Tuesday, May 24, 2011

Messianic Symbolism of Jonah

Jonah the wayward prophet provided a messianic sign or foreshadow in what he experienced. Hurled overboard a ship, he sank beneath the waves and was prevented from resurfacing by the crashing, pounding breakers. He even became entangled in seaweed, it winding around his head! (Jonah 1:15, 2:5) He was then swallowed by some type of giant aquatic beast by divine intervention. (Jonah 1:17)[1]

The time he spent there has been identified as the “Sign of Jonah” by Jesus at Matthew 12:39-40. As Jonah was in the belly of a leviathan for three days, so Jesus would be in the grave for a similar length of time, for parts of three days. Thus, as fulfilled, the “Sign of Jonah” is a remarkable messianic foreshadowing of Jesus’ death and resurrection: the “Gates of Sheol” (Isaiah 38:10) opened for him like leviathan’s jaws opened for Jonah. Notice, however, that Jesus was resurrected as a spirit person in the spirit realm. (John 8:21; 1 Corinthians 15:45; Philippians 2:9; 1 Peter 3:18) Could the surface of the water and the dry land that Jonah returned to be symbolic of that for this application only, as his aquatic gastric grave was symbolic of Sheol only? Jesus descended from heaven and called it the “realms above.” (1 Corinthians 15:47; Philippians 2:7-8; John 8:23) As he was born as a man, he was not able to return to the spirit realm on his own. (Galatians 4:4) This is similar with Jonah, his descending from above to beneath the surface of the water and being obstructed from resurfacing on his own. Significantly, as Jonah was completely swallowed by the aquatic beast, so Jesus as a person was in the grave.[2] How would it make any sense if Jesus was not completely in the grave, if only his human nature was in the grave as taught by Trinitarianism? If the Sign of Jonah applied only to Jesus’ human nature, then it is a very “watered down” sign indeed.

In summation, Jonah’s messianic symbolism was fulfilled with Jesus in these ways:
  1. Jesus’ descent from the spirit realm to earth and birth as a man: Jonah’s descent from above into the waters.
  2. Jesus’ death in the grave for parts of three days: Jonah as good as dead inside an aquatic beast for three days.
  3. Jesus’ resurrection back to the spirit realm: Jonah being ejected from the aquatic beast and ascent out of the waters.
The last two of course being identified by Jesus as the Sign of Jonah. (Refer to figure below.)

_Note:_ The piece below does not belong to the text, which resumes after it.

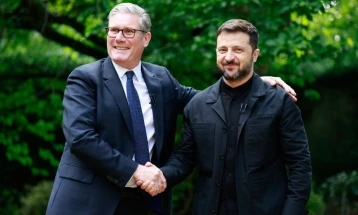 Зеленски ќе се сретне со Стармер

[1] One reference describes the sequence of events this way in graphic detail:
Jonah plummeted into the raging waves. Perhaps he struggled, floundering a bit, and saw amid a chaos of foam and spray that the ship was swiftly moving away. But the mighty breakers crashed over him and forced him under. He sank down and down, sensing that all hope was gone.
Jonah later described how he felt at this time. Fleeting images crossed his mind. He thought with sadness that he would never again see the beautiful temple of Jehovah in Jerusalem. He had the sensation of descending to the very depths of the sea, near the roots of the mountains, where seaweed entangled him. This, it seemed, was to be his pit, his grave.—Jonah 2:2-6.
But wait! There was something moving nearby—an immense, dark shape, a living thing. Looming close, it darted at him. A great maw opened over him, engulfed him, swallowed him down! (The Watchtower, January 1, 2009 pages 27-8)
Ironically, Jonah was saved and preserved by this aquatic monster.

Critics of Jonah may overlook the fact that this story is about acts of divine intervention. So of course it is not explainable by natural causes! That is the whole point. The very text at Jonah 1:17 identifies it as a supernatural event, for it says Jehovah God “appointed” an aquatic creature to swallow (and preserve) him. The NET Bible footnote on this verse adds:
Joyce Baldwin notes, “Here, with YHWH [Jehovah] as the subject, the verb [minnah, “to send, to appoint”] stresses God’s sovereign rule over events for the accomplishment of his purpose (as in 4:6-8, where the verb recurs in each verse). The ‘great fish’ is in exactly the right place at the right time by God’s command, in order to swallow Jonah and enclose him safely” (Joyce Baldwin, “Jonah,” The Minor Prophets, 2:566).

[2] It is interesting to note that both Jonah and Jesus had flora wrapped around their heads. In Jesus’ case however, his head wrapping was done in sadistic mockery by Roman soldiers who braided a crown of thorns and placed it on his head. (Mark 15:17; John 19:2) “While the particular plant in question has been linked by many with Paliurus spina-christi, a shrub growing to a height of 6 m (20 ft) and having flexible branches with stiff thorns, no certain identification is possible.” (“Thorn,” Insight on the Scriptures, 2:1096.)